EXERCISE OBJECTIVE >>
Repeat the data in full. Drop every picture.

*** SUPPLIED DATA Section Begins ***

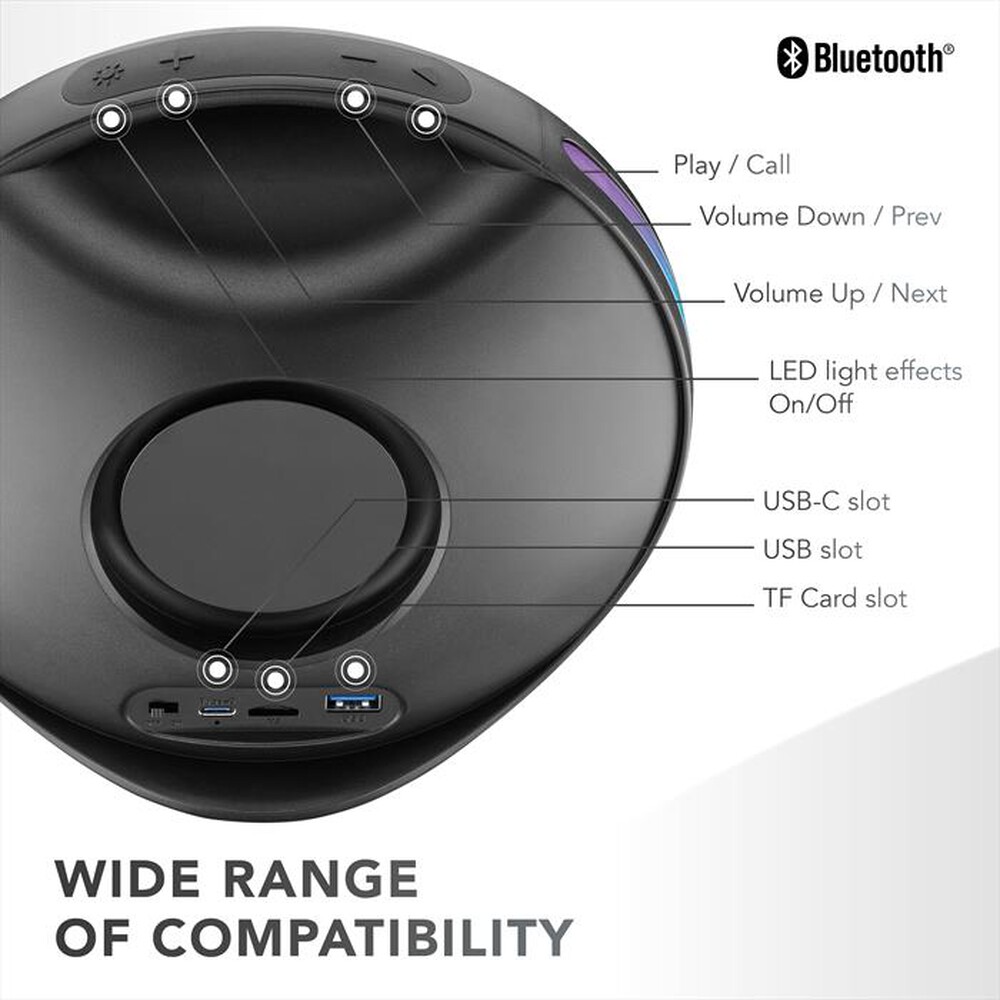 Immagine del prodotto MUSIC SOUND - Speaker Bluetooth portatile VORA-Nero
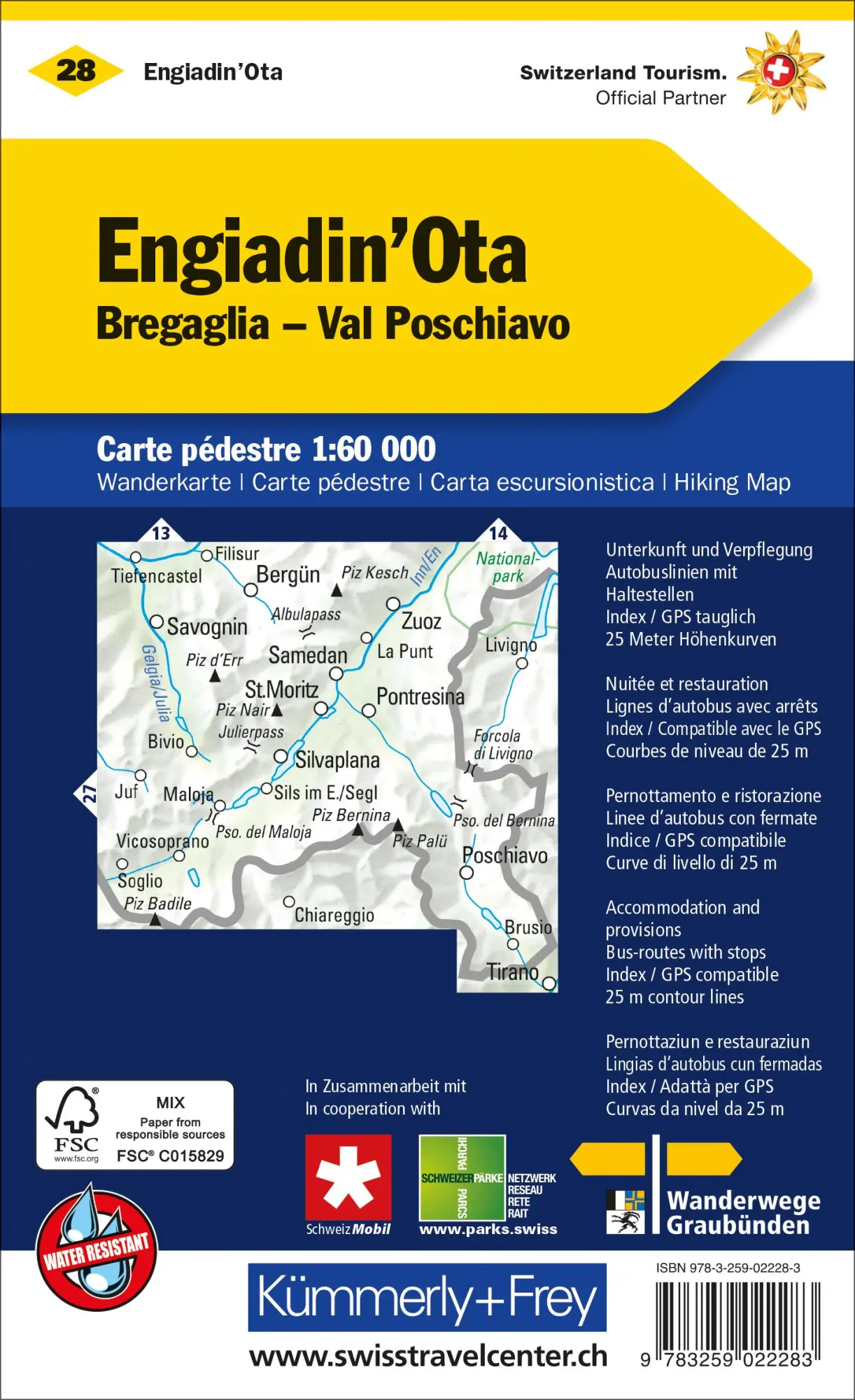 Rückseite: 9783259022283 | Kümmerly+Frey Wanderkarte 28 Oberengadin 1:60.000 | AG | (Land-)Karte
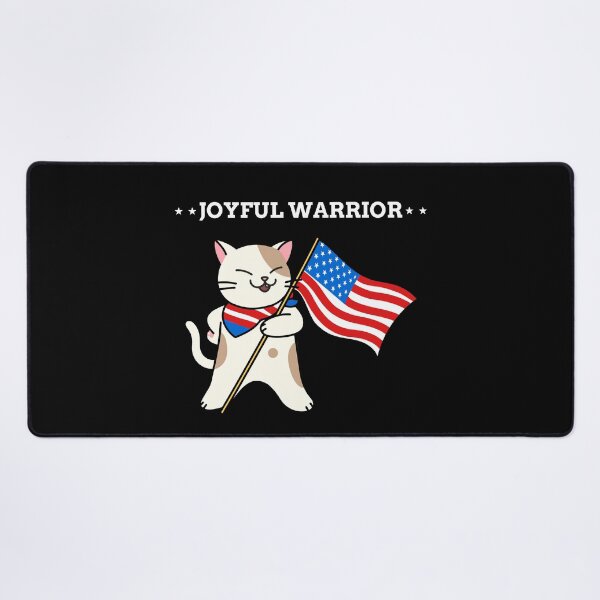 Item preview, Joyful Warrior Kamala Harris Walz Cat designed and sold by sydney-syder.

*** SUPPLIED DATA Section Ends ***

EXPECTED ANSWER >>
 Immagine del prodotto MUSIC SOUND - Speaker Bluetooth portatile VORA-Nero
 Rückseite: 9783259022283 | Kümmerly+Frey Wanderkarte 28 Oberengadin 1:60.000 | AG | (Land-)Karte
 Item preview, Joyful Warrior Kamala Harris Walz Cat designed and sold by sydney-syder.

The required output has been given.